EDITORIAL - Poor, miserable, challenged, angry but happy

A Gallup poll shows Filipinos are the 5th happiest people in the world. There's your answer, in case you ever wondered why we're the world's 10th most populous country. Despite low wages and runaway prices, the magic formula that has kept the Philippines mainly and consistently poor, Filipinos just couldn't seem to help but stay happy. And this is reflected in the relentlessness with which we make babies.

So at least there is now a global list in which our ranking is something to smile about, a ranking that is not contrived or made up, or at the very least not patently irrelevant. To be way up there in a global list of happiness is something to be proud of, as a matter of fact. For once we have made a name for ourselves in a category that is not as frivolous and flippant as, say, "the longest longanisa" in the world, or similar other irrelevancy.

Happiness has positiveness written all over it and whatever other people may say about us and our unbridled mirth in the face of very serious challenges that would have stymied lesser countries, at least we can tell them to their faces to eat their hearts out because the Filipino is enjoying himself. Make that 100 million Filipinos enjoying themselves. Reports about the latest atrocities by ISIS or the latest flare-up of racism in America do not get into us one bit.

By the way, it might prove to be a point of happy discussion to note that on top of the list, all by its lonesome, is Paraguay, thereby making Paraguayans even happier than Filipinos, at least on paper (at the rate we are making babies at three per minute, we should be the de facto happiest people on earth). Lumped together at second are Colombia, Ecuador and Guatemala.

In third place, also lumped together, are Honduras, Panama and Venezuela. At fourth, and yes still lumped together, are Costa Rica, El Salvador and Nicaragua. In case you have not noticed, all of these happy countries are in Latin America. And in case you have not noticed still, all of these countries are poor countries, some even poorer than ourselves or even more dangerous. And if you are wondering, we will ask it for you -- why is it that poor countries seem to be the happiest?

That is, of course, a very tough question for which there might be no right answer. Maybe we will never even know the answer, unless we get prosperous and start getting what we used to miss, and only then by the difference might we know the secret to happiness. One more interesting point to add - all of these happy countries are Catholic, if it ever means anything.

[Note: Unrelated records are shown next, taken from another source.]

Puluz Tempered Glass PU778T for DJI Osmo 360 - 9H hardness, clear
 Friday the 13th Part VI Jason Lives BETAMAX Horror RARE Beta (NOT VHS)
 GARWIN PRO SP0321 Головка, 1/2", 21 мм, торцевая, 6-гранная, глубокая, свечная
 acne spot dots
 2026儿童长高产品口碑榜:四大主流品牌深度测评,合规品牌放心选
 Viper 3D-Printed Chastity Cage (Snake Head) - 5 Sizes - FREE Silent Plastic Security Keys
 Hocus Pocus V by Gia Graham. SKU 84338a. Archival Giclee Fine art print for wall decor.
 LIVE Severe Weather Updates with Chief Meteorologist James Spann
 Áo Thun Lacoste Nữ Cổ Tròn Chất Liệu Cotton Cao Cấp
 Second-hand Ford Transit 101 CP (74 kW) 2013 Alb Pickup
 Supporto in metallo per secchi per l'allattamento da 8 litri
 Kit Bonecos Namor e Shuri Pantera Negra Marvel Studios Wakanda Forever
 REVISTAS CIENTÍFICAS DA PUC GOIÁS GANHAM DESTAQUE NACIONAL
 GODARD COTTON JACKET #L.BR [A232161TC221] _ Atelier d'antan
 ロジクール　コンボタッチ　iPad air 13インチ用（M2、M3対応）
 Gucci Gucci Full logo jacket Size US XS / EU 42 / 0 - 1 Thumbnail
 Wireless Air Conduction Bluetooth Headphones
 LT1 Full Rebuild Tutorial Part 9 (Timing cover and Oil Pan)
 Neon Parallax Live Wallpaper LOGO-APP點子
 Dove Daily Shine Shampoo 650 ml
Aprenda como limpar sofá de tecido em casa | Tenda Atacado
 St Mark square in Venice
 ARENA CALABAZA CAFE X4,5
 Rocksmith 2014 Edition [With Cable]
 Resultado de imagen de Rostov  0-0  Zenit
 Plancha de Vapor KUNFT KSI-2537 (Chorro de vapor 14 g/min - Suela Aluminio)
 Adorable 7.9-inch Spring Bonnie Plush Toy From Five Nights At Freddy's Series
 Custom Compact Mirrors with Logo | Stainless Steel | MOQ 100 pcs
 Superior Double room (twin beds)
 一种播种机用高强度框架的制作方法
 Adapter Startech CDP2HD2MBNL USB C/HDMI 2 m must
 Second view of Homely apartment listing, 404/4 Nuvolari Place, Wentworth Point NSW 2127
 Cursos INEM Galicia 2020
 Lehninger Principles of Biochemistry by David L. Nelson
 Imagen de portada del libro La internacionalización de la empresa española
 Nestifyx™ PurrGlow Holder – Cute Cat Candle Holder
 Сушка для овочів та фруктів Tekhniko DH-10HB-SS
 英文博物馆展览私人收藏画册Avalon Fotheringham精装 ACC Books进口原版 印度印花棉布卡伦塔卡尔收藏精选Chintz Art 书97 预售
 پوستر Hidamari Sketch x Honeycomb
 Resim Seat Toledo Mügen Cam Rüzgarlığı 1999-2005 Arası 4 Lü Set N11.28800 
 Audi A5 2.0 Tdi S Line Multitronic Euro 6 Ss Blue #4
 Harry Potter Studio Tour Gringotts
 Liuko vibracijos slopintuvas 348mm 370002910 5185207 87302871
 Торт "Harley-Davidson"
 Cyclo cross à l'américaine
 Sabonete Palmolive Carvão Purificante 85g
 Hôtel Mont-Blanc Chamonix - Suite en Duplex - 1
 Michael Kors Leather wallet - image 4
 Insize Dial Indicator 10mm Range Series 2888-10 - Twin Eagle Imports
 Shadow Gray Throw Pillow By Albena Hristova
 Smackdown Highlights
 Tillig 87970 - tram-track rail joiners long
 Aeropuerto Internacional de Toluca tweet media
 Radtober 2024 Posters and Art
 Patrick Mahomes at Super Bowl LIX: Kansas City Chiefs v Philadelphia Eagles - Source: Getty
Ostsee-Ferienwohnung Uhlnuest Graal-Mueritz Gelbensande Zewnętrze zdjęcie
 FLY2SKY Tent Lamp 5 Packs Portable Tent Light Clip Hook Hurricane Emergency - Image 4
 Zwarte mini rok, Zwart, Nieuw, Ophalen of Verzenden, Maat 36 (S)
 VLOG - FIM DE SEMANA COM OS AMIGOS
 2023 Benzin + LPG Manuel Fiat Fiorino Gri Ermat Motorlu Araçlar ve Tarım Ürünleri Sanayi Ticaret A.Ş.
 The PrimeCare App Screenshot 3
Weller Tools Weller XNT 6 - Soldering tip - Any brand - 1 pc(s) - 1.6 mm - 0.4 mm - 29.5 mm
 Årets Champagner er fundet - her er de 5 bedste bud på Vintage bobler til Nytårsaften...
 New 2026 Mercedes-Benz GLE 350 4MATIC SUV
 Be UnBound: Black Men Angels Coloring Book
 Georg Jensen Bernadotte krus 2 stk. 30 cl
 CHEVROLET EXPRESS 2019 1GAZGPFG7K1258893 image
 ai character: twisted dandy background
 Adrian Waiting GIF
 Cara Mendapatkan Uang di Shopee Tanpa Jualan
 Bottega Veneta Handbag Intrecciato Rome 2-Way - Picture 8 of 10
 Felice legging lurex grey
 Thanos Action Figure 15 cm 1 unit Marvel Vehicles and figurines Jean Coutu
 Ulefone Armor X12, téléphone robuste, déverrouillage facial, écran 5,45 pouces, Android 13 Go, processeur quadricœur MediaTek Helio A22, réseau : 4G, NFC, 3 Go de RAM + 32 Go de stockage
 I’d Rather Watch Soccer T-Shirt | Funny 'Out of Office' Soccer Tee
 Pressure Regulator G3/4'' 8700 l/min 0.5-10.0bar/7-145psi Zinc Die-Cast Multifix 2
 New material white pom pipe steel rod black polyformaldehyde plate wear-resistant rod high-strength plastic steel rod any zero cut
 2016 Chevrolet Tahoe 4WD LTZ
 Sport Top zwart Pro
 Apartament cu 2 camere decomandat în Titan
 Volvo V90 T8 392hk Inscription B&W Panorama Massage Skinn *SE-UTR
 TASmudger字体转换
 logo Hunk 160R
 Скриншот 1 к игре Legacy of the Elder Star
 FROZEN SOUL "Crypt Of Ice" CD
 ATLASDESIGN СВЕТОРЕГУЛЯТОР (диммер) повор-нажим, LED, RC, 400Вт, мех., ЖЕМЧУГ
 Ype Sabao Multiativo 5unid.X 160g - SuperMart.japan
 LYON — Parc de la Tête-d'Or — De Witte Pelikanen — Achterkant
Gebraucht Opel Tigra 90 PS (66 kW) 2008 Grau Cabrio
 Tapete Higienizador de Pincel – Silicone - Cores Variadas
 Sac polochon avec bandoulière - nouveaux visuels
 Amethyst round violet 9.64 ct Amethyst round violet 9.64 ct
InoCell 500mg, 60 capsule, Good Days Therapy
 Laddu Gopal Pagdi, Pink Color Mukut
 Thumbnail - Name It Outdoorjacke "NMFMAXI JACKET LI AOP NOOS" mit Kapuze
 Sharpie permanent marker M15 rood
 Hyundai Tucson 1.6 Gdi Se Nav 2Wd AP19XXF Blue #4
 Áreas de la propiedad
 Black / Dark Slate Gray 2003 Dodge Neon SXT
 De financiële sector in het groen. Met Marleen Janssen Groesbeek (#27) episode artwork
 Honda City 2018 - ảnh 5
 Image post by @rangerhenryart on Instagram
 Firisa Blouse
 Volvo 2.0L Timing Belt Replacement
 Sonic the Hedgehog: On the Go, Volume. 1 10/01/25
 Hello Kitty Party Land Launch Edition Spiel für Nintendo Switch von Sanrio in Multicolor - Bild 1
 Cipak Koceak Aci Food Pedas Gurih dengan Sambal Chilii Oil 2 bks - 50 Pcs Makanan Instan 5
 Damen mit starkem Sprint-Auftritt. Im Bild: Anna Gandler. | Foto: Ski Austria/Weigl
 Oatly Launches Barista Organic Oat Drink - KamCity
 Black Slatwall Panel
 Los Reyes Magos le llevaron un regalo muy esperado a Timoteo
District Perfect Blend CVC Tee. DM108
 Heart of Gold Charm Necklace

So hold on to that smile even if you are poor and struggling to find meaning in your miserable life. Maybe that is what life is all about and that the ability to scrape through despite the misery becomes such a mean feat it feels like an achievement. On the other hand, the ability and ease with which the wealthy and powerful can get anything probably kills the challenge and makes everything flat and tasteless. And wipes out the smile.